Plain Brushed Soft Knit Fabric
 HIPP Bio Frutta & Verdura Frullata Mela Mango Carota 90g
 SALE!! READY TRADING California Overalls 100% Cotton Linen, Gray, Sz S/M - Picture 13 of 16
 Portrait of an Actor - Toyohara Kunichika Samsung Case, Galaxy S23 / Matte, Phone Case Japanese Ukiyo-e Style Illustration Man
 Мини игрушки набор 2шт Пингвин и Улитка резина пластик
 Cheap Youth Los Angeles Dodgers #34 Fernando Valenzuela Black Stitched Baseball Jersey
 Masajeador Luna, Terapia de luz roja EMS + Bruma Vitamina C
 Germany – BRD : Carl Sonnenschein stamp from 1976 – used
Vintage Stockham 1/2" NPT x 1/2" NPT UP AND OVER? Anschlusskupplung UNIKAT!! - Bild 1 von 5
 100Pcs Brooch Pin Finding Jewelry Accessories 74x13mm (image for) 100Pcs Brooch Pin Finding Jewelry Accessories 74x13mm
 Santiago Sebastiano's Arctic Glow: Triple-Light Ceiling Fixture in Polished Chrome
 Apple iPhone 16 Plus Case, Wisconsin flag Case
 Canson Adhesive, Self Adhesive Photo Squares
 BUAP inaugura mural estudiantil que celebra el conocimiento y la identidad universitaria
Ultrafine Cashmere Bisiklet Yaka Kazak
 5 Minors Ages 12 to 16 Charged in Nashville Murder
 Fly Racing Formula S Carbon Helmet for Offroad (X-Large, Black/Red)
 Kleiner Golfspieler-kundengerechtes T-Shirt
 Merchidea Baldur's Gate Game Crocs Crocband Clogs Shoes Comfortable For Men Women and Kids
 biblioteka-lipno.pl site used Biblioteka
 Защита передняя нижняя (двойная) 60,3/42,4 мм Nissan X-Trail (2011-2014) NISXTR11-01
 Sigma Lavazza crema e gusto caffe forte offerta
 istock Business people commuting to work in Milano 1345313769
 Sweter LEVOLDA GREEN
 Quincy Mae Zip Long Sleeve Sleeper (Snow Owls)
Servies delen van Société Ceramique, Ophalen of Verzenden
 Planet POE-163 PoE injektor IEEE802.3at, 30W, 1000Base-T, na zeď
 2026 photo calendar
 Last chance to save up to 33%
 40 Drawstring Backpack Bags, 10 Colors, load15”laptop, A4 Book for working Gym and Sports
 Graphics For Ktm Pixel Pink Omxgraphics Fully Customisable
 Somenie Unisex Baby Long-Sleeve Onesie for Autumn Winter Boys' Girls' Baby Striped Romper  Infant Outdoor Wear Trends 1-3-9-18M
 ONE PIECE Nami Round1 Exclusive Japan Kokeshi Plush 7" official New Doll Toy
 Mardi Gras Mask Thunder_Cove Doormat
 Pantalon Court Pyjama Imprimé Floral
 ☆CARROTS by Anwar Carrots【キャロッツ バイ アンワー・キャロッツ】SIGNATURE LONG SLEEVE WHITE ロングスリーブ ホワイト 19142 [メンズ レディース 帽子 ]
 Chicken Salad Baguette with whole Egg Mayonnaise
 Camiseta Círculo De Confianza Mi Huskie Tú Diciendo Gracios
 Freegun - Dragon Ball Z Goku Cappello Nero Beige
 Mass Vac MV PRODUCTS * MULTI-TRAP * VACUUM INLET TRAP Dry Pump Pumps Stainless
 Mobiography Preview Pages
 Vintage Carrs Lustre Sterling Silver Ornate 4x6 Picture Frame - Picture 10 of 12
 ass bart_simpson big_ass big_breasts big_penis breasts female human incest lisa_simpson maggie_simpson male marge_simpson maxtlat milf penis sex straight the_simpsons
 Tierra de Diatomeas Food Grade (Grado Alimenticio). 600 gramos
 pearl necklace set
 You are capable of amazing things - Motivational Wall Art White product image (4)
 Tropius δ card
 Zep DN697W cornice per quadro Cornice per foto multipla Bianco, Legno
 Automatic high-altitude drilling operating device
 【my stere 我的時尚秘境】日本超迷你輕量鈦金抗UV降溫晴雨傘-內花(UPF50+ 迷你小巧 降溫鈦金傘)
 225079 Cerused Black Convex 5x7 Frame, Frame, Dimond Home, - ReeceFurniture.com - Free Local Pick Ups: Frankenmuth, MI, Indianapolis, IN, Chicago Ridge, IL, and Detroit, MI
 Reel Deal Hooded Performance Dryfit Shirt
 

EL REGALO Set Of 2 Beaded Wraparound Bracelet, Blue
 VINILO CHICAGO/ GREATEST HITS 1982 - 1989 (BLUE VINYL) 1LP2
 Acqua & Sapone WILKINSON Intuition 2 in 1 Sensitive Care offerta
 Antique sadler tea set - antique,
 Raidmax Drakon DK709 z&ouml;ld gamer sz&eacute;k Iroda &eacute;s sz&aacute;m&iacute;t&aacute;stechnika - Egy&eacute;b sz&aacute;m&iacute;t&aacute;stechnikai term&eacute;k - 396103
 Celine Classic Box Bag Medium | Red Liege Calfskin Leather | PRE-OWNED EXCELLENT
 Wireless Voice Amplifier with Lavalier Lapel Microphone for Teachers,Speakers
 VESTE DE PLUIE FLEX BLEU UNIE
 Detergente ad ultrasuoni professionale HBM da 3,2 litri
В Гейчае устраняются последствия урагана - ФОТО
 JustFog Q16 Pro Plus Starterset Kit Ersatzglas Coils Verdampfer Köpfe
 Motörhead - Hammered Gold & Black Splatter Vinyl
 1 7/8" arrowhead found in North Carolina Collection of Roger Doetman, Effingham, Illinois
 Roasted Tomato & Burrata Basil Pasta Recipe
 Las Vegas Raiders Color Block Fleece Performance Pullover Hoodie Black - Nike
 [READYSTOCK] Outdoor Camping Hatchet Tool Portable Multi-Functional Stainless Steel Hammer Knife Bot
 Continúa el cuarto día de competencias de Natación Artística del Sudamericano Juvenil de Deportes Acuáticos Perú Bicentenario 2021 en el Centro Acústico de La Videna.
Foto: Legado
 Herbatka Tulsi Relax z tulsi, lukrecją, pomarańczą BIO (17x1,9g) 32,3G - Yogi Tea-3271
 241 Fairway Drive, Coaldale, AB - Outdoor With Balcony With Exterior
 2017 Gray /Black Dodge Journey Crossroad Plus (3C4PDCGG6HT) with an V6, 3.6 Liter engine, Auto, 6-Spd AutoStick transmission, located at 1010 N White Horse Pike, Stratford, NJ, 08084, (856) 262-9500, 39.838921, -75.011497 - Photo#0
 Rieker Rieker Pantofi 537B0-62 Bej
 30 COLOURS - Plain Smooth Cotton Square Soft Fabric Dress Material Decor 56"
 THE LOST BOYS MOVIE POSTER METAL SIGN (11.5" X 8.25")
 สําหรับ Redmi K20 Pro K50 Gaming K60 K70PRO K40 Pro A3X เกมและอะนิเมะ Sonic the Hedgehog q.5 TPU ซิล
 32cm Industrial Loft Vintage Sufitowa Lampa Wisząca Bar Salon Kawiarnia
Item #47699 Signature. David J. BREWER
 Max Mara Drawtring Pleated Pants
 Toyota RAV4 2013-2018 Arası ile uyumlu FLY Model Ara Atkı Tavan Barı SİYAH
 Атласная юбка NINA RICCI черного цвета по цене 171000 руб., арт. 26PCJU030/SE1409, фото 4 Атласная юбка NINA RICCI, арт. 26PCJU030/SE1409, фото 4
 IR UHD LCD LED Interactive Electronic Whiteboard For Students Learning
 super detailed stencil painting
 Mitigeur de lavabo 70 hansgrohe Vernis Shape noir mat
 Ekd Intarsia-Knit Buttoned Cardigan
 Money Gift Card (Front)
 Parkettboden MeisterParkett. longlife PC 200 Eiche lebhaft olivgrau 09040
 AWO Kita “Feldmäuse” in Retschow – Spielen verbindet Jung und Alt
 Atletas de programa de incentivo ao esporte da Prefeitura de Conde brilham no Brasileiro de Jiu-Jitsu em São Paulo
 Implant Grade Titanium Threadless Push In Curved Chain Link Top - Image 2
• • • •
Where the listing above has a line with "ass bart_simpson big_ass", start there, and output every line exactly through the line with "Herbatka Tulsi Relax", which is also included.

Result of the task
 ass bart_simpson big_ass big_breasts big_penis breasts female human incest lisa_simpson maggie_simpson male marge_simpson maxtlat milf penis sex straight the_simpsons
 Tierra de Diatomeas Food Grade (Grado Alimenticio). 600 gramos
 pearl necklace set
 You are capable of amazing things - Motivational Wall Art White product image (4)
 Tropius δ card
 Zep DN697W cornice per quadro Cornice per foto multipla Bianco, Legno
 Automatic high-altitude drilling operating device
 【my stere 我的時尚秘境】日本超迷你輕量鈦金抗UV降溫晴雨傘-內花(UPF50+ 迷你小巧 降溫鈦金傘)
 225079 Cerused Black Convex 5x7 Frame, Frame, Dimond Home, - ReeceFurniture.com - Free Local Pick Ups: Frankenmuth, MI, Indianapolis, IN, Chicago Ridge, IL, and Detroit, MI
 Reel Deal Hooded Performance Dryfit Shirt
 

EL REGALO Set Of 2 Beaded Wraparound Bracelet, Blue
 VINILO CHICAGO/ GREATEST HITS 1982 - 1989 (BLUE VINYL) 1LP2
 Acqua & Sapone WILKINSON Intuition 2 in 1 Sensitive Care offerta
 Antique sadler tea set - antique,
 Raidmax Drakon DK709 z&ouml;ld gamer sz&eacute;k Iroda &eacute;s sz&aacute;m&iacute;t&aacute;stechnika - Egy&eacute;b sz&aacute;m&iacute;t&aacute;stechnikai term&eacute;k - 396103
 Celine Classic Box Bag Medium | Red Liege Calfskin Leather | PRE-OWNED EXCELLENT
 Wireless Voice Amplifier with Lavalier Lapel Microphone for Teachers,Speakers
 VESTE DE PLUIE FLEX BLEU UNIE
 Detergente ad ultrasuoni professionale HBM da 3,2 litri
В Гейчае устраняются последствия урагана - ФОТО
 JustFog Q16 Pro Plus Starterset Kit Ersatzglas Coils Verdampfer Köpfe
 Motörhead - Hammered Gold & Black Splatter Vinyl
 1 7/8" arrowhead found in North Carolina Collection of Roger Doetman, Effingham, Illinois
 Roasted Tomato & Burrata Basil Pasta Recipe
 Las Vegas Raiders Color Block Fleece Performance Pullover Hoodie Black - Nike
 [READYSTOCK] Outdoor Camping Hatchet Tool Portable Multi-Functional Stainless Steel Hammer Knife Bot
 Continúa el cuarto día de competencias de Natación Artística del Sudamericano Juvenil de Deportes Acuáticos Perú Bicentenario 2021 en el Centro Acústico de La Videna.
Foto: Legado
 Herbatka Tulsi Relax z tulsi, lukrecją, pomarańczą BIO (17x1,9g) 32,3G - Yogi Tea-3271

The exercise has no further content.